Citation Numbers: 34 Me. 192
Judges: Rice
Filed Date: 7/1/1852
Status: Precedential
Modified Date: 9/24/2021
The opinion of the Court, Shepley, C. J., Tenney, Howard, Rice and Appleton, J. J., was drawn up by
The contract between the plaintiff and Webber seems to have been very loose and inartificial in its terms. An examination of all its provisions and stipulations will however disclose the intention of the parties thereto with reasonable certainty. The question to be determined is, in whom was the title to the hay at the time it was attached ?
By the terms of the contract, the plaintiff was to stock the farm with a yoke of oxen, and with cows and sheep. Web-ber was to carry on the farm, and to keep this stock of cattle and sheep thereon, feeding them with the hay which it produced, and render to the plaintiff for the rent of the farm, one half of the wool, one half of the lambs that should come of the sheép, and one half of the productions of the cows and of the crops, except the hay produced on the farm, all of which was to be used on the farm for the stock.
This construction is entirely consistent with the situation of the parties and the nature of the contract between them, which would seem to be rather a special agreement for carrying on the farm, than a lease in the technical sense of the term.
This case is distinguishable from Turner v. Bachelder, 17 Maine, 257, cited by plaintiff. In that case there was a lease for a term of five years. The lease provided that the lessor should ''furnish four cows, one horse, and other stock sufficient to eat up all the hay that should grow on said farm,” but contained no stipulation, like that in the case at bar, that the hay produced should be used on the farm for the stock of the lessor.
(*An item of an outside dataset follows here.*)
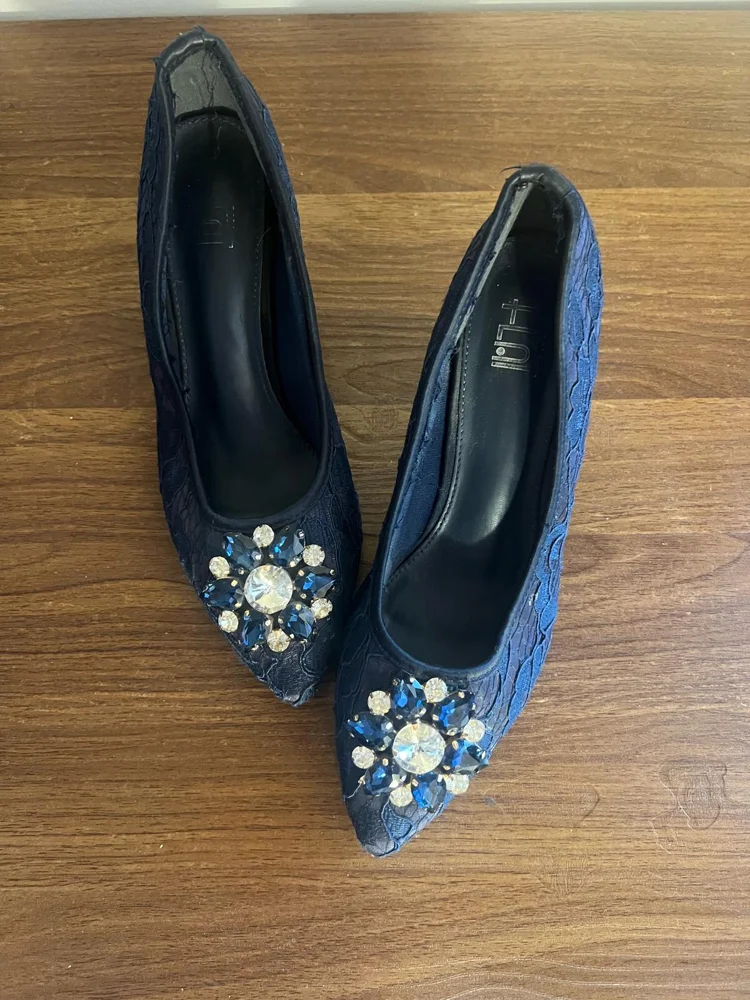 Kitten Heels, size 37, photo 2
The case at bar more nearly resembles the case of Lewis v. Lyman, 22 Pick. 438, in which the lease contained a provision “ that the hay and fodder should be fed out on the farm,” the stock on the farm being the property of the lessor. The Court in that case held that the hay was not liable to attachment by the creditors of. the tenant. We are therefore of the opinion that Webber had no attachable interest in the hay.